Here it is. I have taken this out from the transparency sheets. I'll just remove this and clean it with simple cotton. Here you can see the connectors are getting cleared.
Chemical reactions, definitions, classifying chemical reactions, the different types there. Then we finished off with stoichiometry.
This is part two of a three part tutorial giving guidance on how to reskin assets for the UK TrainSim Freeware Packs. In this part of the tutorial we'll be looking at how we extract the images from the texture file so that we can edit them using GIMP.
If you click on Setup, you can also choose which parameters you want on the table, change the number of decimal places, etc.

+ + + +

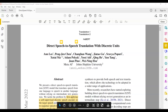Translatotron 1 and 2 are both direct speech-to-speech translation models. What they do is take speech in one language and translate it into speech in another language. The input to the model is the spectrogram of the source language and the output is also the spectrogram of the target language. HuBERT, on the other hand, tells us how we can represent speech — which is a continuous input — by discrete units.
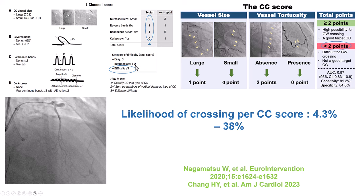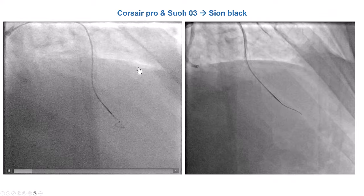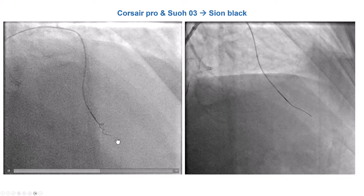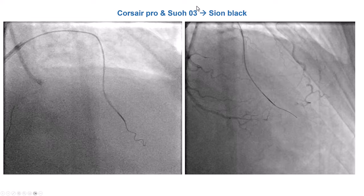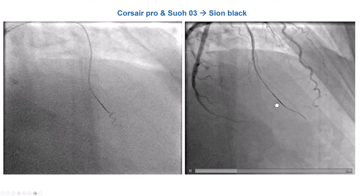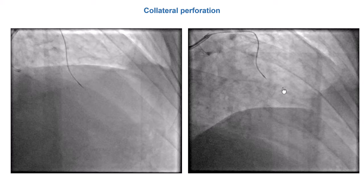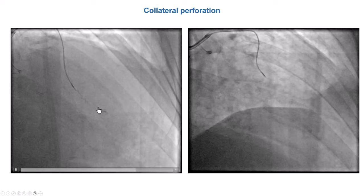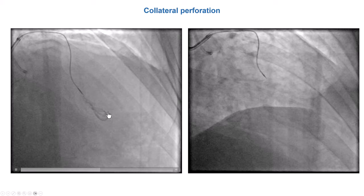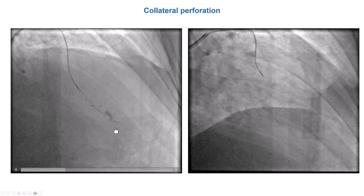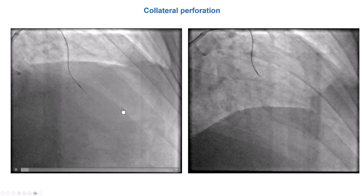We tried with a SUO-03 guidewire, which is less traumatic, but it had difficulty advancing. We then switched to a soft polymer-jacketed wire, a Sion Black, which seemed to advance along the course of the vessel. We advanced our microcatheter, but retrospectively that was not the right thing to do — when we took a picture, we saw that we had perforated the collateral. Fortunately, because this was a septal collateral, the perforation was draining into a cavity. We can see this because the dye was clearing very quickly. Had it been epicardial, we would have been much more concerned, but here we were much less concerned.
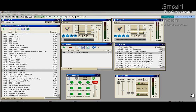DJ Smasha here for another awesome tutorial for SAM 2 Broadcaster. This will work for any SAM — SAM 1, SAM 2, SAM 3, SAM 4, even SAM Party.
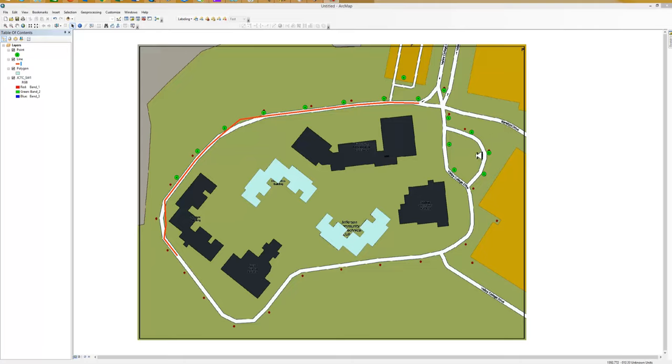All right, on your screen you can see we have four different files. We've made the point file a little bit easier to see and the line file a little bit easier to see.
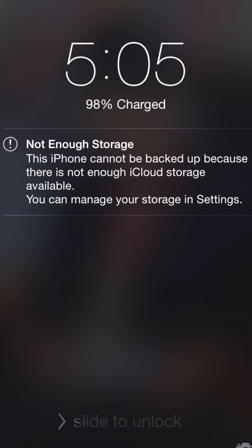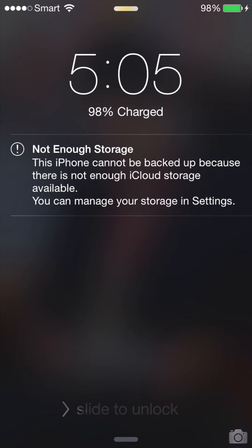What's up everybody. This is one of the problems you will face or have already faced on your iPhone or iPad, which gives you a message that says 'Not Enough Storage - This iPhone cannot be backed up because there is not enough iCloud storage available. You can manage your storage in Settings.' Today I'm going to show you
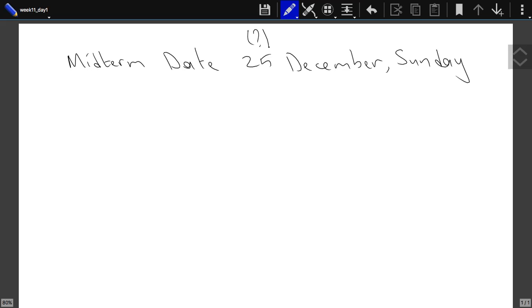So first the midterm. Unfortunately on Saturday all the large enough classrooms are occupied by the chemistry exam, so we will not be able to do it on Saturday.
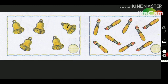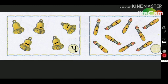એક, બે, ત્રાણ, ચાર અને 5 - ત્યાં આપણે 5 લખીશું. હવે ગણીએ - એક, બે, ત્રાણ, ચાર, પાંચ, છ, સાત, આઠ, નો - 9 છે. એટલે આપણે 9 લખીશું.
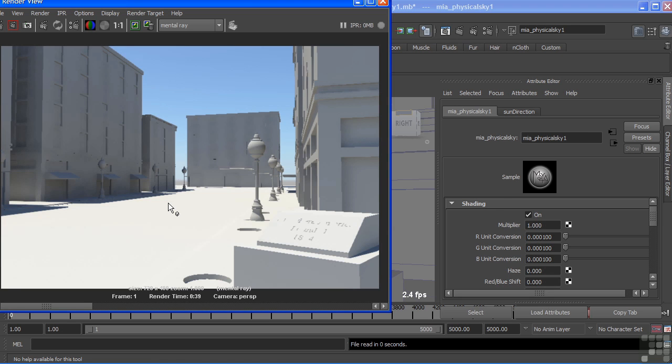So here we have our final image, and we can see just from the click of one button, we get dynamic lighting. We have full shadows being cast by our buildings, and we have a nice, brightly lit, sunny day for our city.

+ + + +

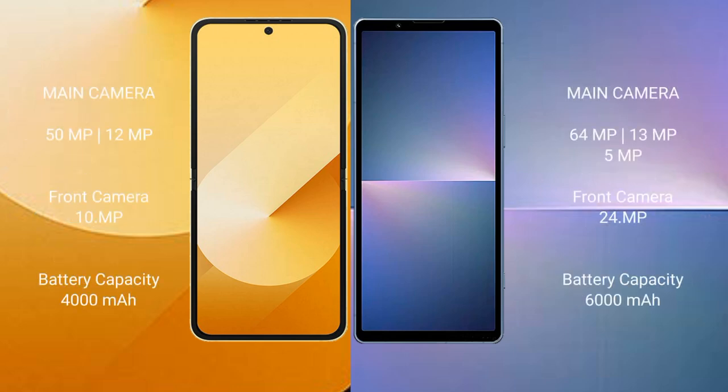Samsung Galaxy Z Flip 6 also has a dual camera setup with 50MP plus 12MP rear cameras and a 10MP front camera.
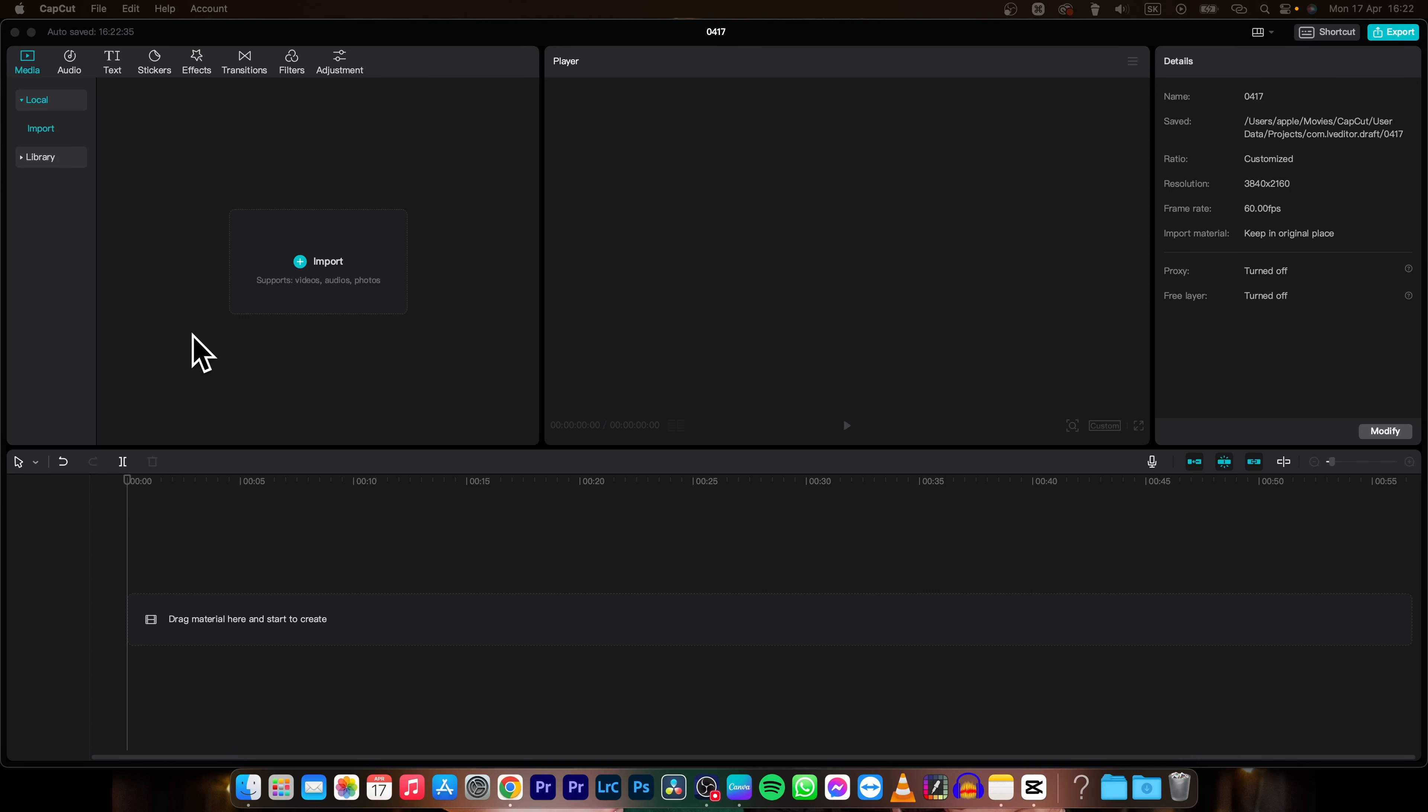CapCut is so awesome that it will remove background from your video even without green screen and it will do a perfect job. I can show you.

+ + + +

■ What is expected:
Looking at the data above, write out exactly the lines that start at the one containing "Chemical reactions, definitions, classifying" and end at the one containing "If you click"; include both and nothing beyond.

■ Response below:
Chemical reactions, definitions, classifying chemical reactions, the different types there. Then we finished off with stoichiometry.
This is part two of a three part tutorial giving guidance on how to reskin assets for the UK TrainSim Freeware Packs. In this part of the tutorial we'll be looking at how we extract the images from the texture file so that we can edit them using GIMP.
If you click on Setup, you can also choose which parameters you want on the table, change the number of decimal places, etc.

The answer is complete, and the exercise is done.